# Sobolev tensor spaces and finite ranks

Let $$W^{2,2}(\Omega_i)$$, $$\Omega_i = [-1,1]$$, $$i = 1,\ldots,d$$ be the Sobolev spaces of twice weakly differentiable, square integrable functions. Let further $$\otimes_a$$ denote the algebraic tensor product (in other words, the non-topological one) and $$\Omega = \Omega_1 \times \ldots \times \Omega_d = [-1,1]^d$$.

All functions in the space $$\mathcal{W} := W^{2,2}(\Omega_1) \otimes_a \ldots \otimes_a W^{2,2}(\Omega_d)$$ are continuous, i.e. $$\mathcal{W} \subset C^0(\Omega)$$. The induced norm $$\|\cdot\|_{\mathcal{W}}$$ is stronger than the norm $$\|\cdot\|_{2,2}$$ on $$W^{2,2}(\Omega)$$.

1. Is $$\mathcal{W}$$ dense in $$W^{2,2}(\Omega)$$ (with respect to the norm $$\|\cdot\|_{2,2}$$). Is hence $$\overline{\mathcal{W}}^{\|\cdot\|_{2,2}} = W^{2,2}(\Omega)$$?

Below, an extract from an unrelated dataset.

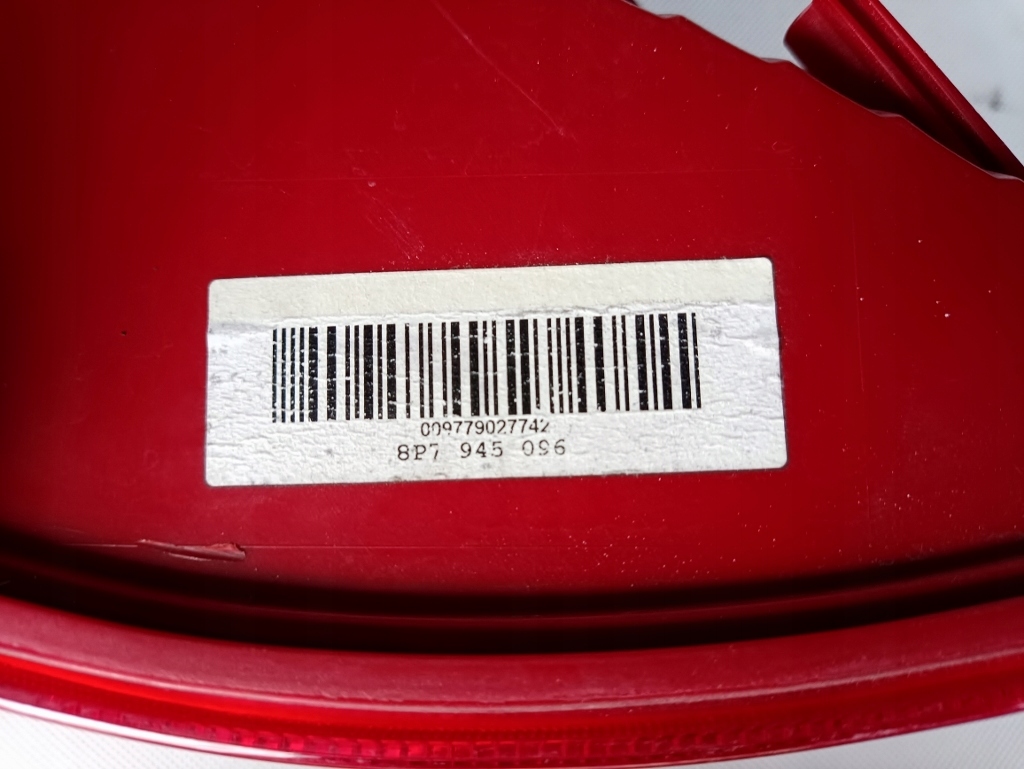 A3 8p 8p7 кабриолет  фара правый  задний  задняя 8p7945096 Недорого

2. Is the semi norm $$|\cdot|_{2,2}$$, defined via $$|u|_{2,2}^2 := \sum_{|\alpha| = 2} \|D^{\alpha} u\|_{L^2}^2$$, equivalent to $$\|\cdot\|_{2,2}$$ on the quotient space of functions that only differ by a constant function?

3. Let $$r \in \mathbb{N}$$, $$\mathcal{W}_r := \bigcap_{\mu = 1}^{d-1} \{ \phi \in \mathcal{W} \mid \exists g_i \in W^{2,2}(\Omega_1) \otimes_a \ldots \otimes_a W^{2,2}(\Omega_\mu), \exists h_i \in W^{2,2}(\Omega_{\mu+1}) \otimes_a \ldots \otimes_a W^{2,2}(\Omega_d): \phi(x) = \sum_{i = 1}^r g_i(x_1,\ldots,x_\mu) \cdot h_i(x_{\mu+1},\ldots,x_d), \forall x \in \Omega \}$$ the space of (tensor train) rank $$r$$ functions in $$\mathcal{W}$$. Then this space $$\mathcal{W}_r$$ is closed under $$\|\cdot\|_{2,2}$$. Let further $$p_i \in \Omega, \ i = 1,\ldots,m$$, for some $$m \in \mathbb{N}$$, and $$y \in \mathbb{R}^m$$. Is the problem $$u^\ast = \mathrm{argmin}_{u \in \mathcal{W}_r} \sum_{i = 1}^m (u(p_i) - y_i)^2 + |u|_{2,2}^2$$ hence well defined (based on the this propert of $$\mathcal{W}_r$$, and does there exist such a minimizer (regardless of uniqueness)?

I strongly believe that all three assertion hold true, but I am unaware of easy ways to prove such. As this is a bit out of topic for me, I also have a bit of trouble judging what counts as rigorous argument. I have seen variants of these questions, but could not find a specific enough answer.

I have found a remark about the validity of $$1.$$ in a tensor calculus book, but no proof is provided. Point $$2.$$ should be provided by the Poincaré inequality, although it needs to be applied on two levels, and the devil is a bit in the detail. The first part of item $$3.$$ requires knowledge about tensor formats, so it might be hard to answer, but just under the assumption that $$\mathcal{W}_r$$ is closed, the second part is still of great interest to me. I of course appreciate any help regarding only any one of the three questions.